Christine Blasey Ford Offers a Lead to Investigators About Timing of Assault

Before a break in the hearing, Christine Blasey Ford recalled that she ran into Mark Judge about six to eight weeks after the assault while he was working at the Potomac Village Safeway. Someone, she suggests, could establish roughly when the attack took place by finding out when Mark Judge worked there during high school.

As Jane Mayer of The New Yorker notes, Mark Judge’s memoir of his days as a teenage alcoholic describe working at a supermarket.

My colleague Peter Maass explains that Judge’s out-of-print memoir, “Wasted” chronicles “a history of drunken aggression toward women.” As Peter just noted, Judge’s book suggests he only worked at the supermarket for “a few weeks.”

Christine Blasey Ford Can Never Forget “the Laughter” of Brett Kavanaugh and Mark Judge During the Assault

Asked by Sen. Patrick Leahy what she remembers most of the assault, Ford said: “Indelible in the hippocampus is the laughter, the uproarious laughter between the two — their having fun at my expense.”

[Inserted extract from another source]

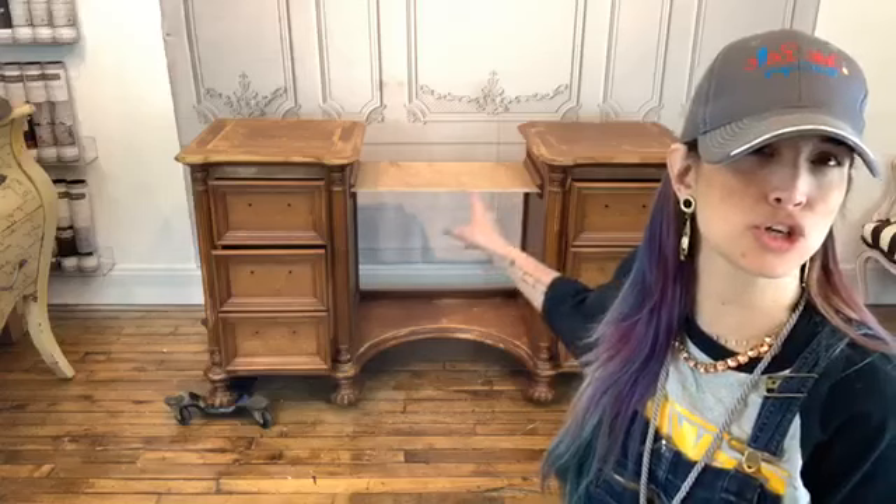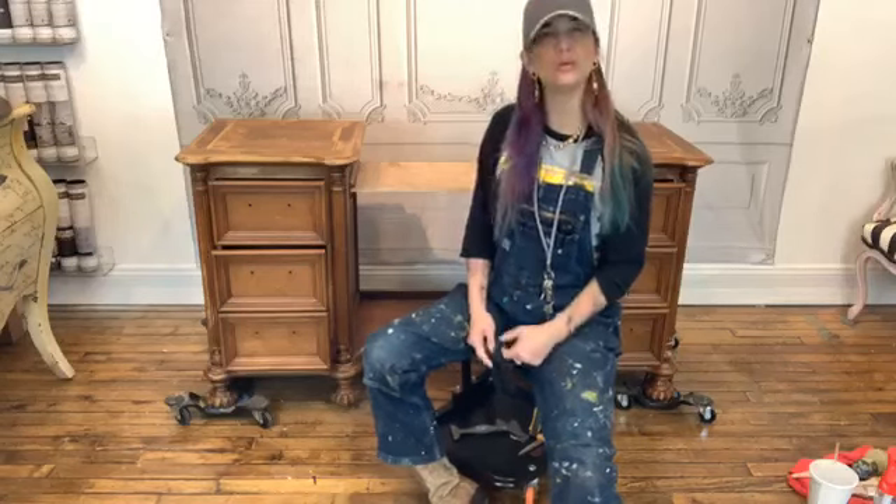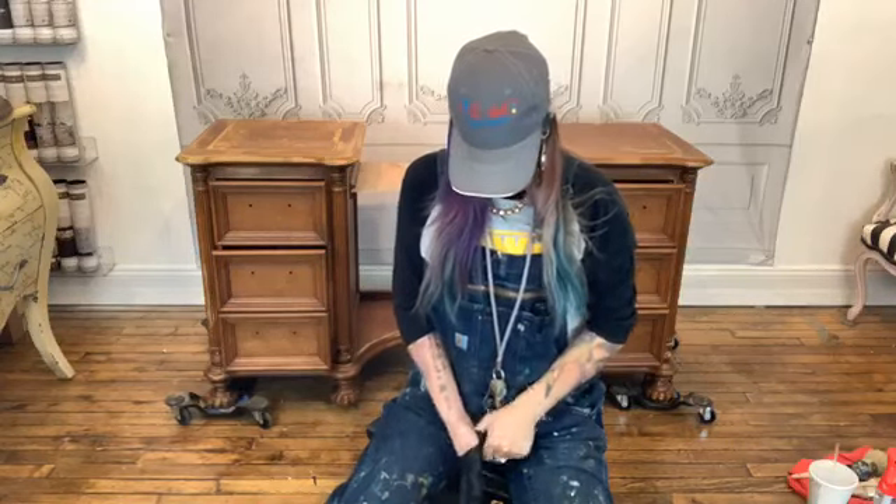I added this little center counter desk-top area because it was missing — or it appeared to have been missing. It had these little slides on the side for a little plank of wood to slide right in there so that people can use that space to apply their makeup, write a letter, or whatever people do at desks and vanities. Thanks for tuning in — go ahead and drop any questions in the comments.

This seems to underscore Lili Loofbourow’s observation in Slate that “The awful things Kavanaugh allegedly did only imperfectly correlate to the familiar frame of sexual desire run amok; they appear to more easily fit into a different category — a toxic homosociality — that involves males wooing other males over the comedy of being cruel to women.”

That observation resonated with other women watching the hearing.

Christine Blasey Ford Says This Is “Absolutely Not” a Case of Mistaken Identity

Responding to a question from Sen. Dianne Feinstein, Ford says that she clearly remembers that it was Brett Kavanaugh who assaulted her. Asked if there is any chance that this is could have been a case of mistaken identity, Ford says “absolutely not.”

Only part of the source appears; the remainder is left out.